In these current times of bubbles and bursts, foreclosed-upon homes and entire industries (newspapers among them) confronting their own mortality, it's good to have a fresh history such as this to remind us of what has gone on before, and to assure that the times will indeed change -- eventually.

Wartzman, a former Los Angeles Times editor and columnist (full disclosure: I never met or worked with him), spent four years chasing this history, a journey that began with the story of a photograph he stumbled across while researching "The King of California: J.G. Boswell and the Making of a Secret American Empire" (written with Mark Arax).

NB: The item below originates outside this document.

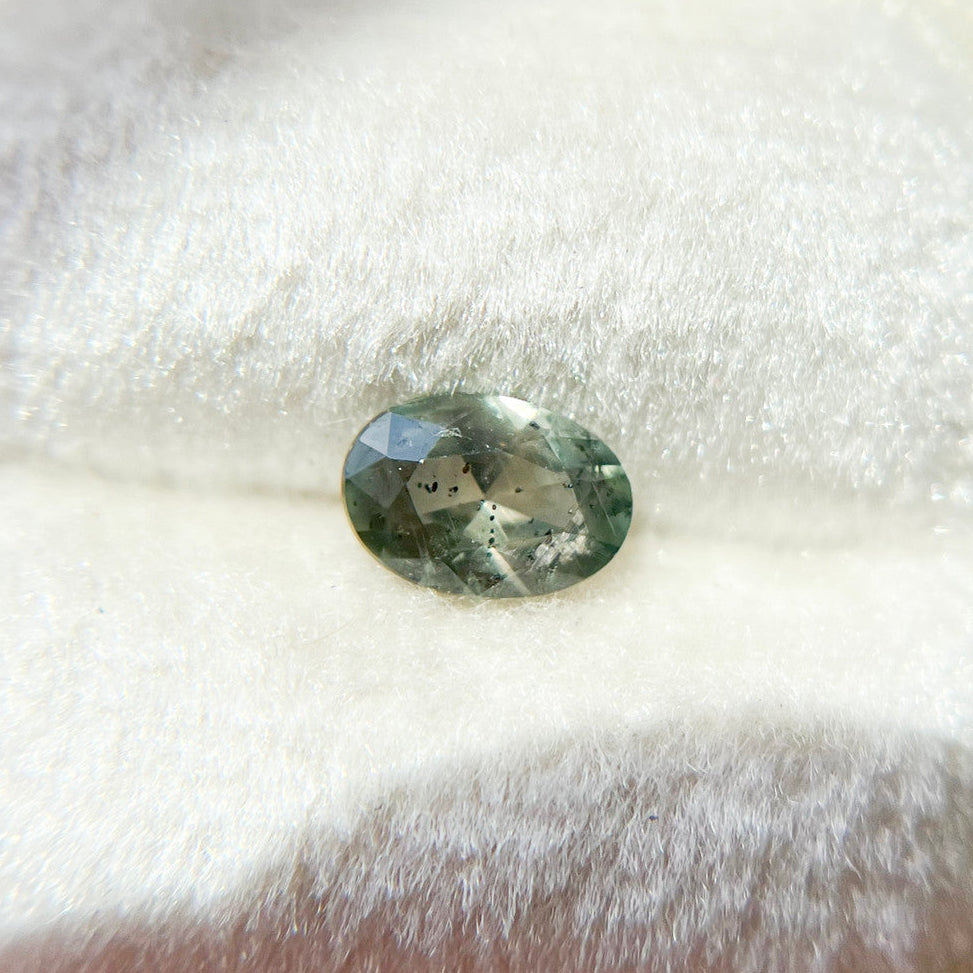 Dark Teal Green Oval Montana Sapphire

The photo was of W.B. "Bill" Camp, a legend in Central Valley agriculture, and another man as they watched one of Camp's farmworkers toss a burning copy of "The Grapes of Wrath" into a small trash can on a Bakersfield sidewalk. Wartzman builds out from that image to tell the story of Gretchen Knief, the county librarian, and the decision by her bosses -- the Kern County Board of Supervisors -- to ban "The Grapes of Wrath." But it becomes clear early on that Wartzman isn't going to spend a lot of time on Knief. This, ultimately, is a book about a specific time in a specific swath of California, and it embraces a wide and sometimes confusing array of characters. As a result, the side stories are the most fascinating, such as the ersatz proxy war during a 1938 cotton worker strike between federal New Dealers and state officials.